Polivy is the trade name.
It is an antibody-drug conjugate targeted immunotherapy.
Humanized monoclonal antibody
Targets CD79B
Pregnancy category AU: D
CD79b is a component of the B-cell receptor and is expressed significantly in DLBCL.
Polatuzumab vedotin is an anti-CD79b antibody linked to microtubule-disrupting monomethyl auristatin E.
It is a monoclonal antibody directed against CD 79.
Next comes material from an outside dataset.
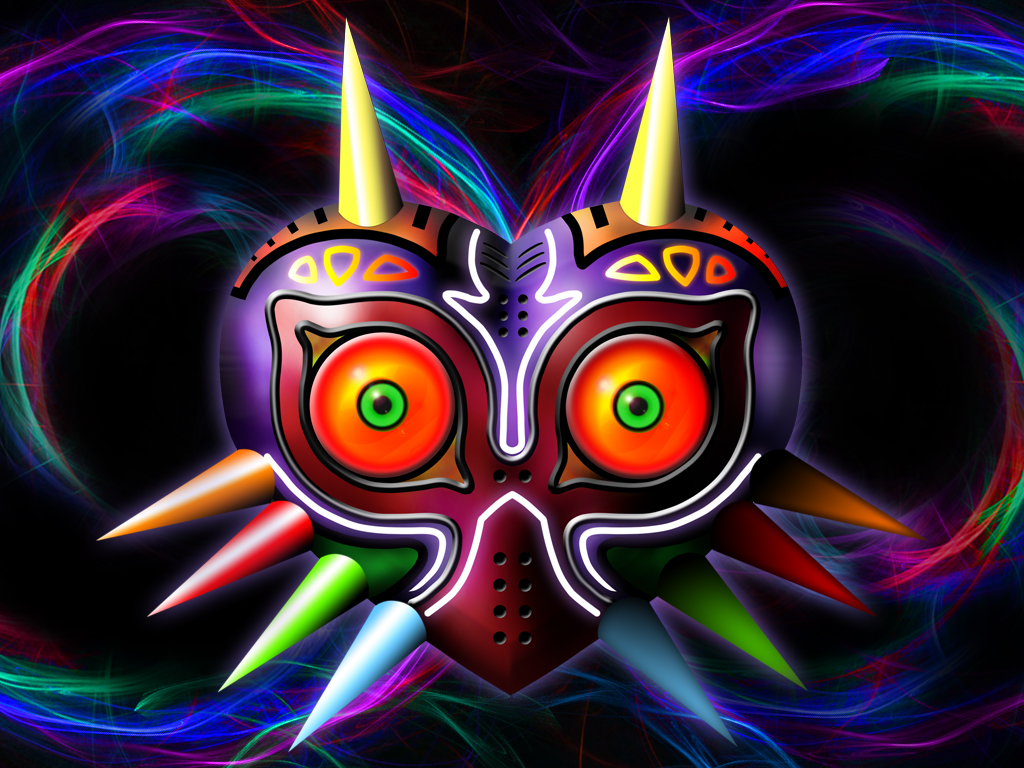 http://1.bp.blogspot.com/-ZBOy94-EzpA/UOra62ExB4I/AAAAAAAAUZs/uc_q83QaIVk/s1600/the+legend+of+zelda+majoras+mask+wallpaper.jpg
Signal transmission from B-cell receptors goes through CD79 to cytoplasmic kinases.
Upon binding to CD79, the antibody is internalized and from there the mechanism of action is similar to brentuximab.
It induces cell cycle arrest and apoptosis in lymphoma cells.
Limited studies suggest in relapsed/ refractory patients with DLBCL the objective response rate was 41% with a median ration of response was 28.4 months, progression free survival was 5.4 months and overall survival 10.8 months.
Analyses by cell of origin of activated B-cell like (ABC) or germinal B-cell like (GCB), showed advantages for the addition of polatuzumab vedotin.
Effective in DLBCL with Cyclophoshamide, Adriamycin and prednisone (R-CHP) and in combination with Bendamustine plus rituximab.
Polatuzumab vedotin is indicated in combination with bendamustine and a rituximab product for the treatment of adults with relapsed or refractory diffuse large B-cell lymphoma.
Polivy in combination with rituximab, cyclophosphamide, doxorubicin, and prednisone (R-CHP) is indicated for the treatment of adults with previously untreated diffuse large B-cell lymphoma (DLBCL).
Associated with the incremental improvements in progression free survival with RCHP versus R-CHOP.
FDA has approved polatuzumab vedotin in combination with rituximab, cyclophosphamide, doxorubicin and prednisone as first-line therapy for people with previously untreated diffuse large B-cell lymphoma, not otherwise specified or high-grade B-cell lymphoma who have an International Prognostic Index score of two or greater.
The main adverse effects include: neuropathy and cytopenias.
The most common side effects include neutropenia, thrombocytopenia and anemia, peripheral neuropathy, fatigue; diarrhea; fever; decreased appetite; and pneumonia.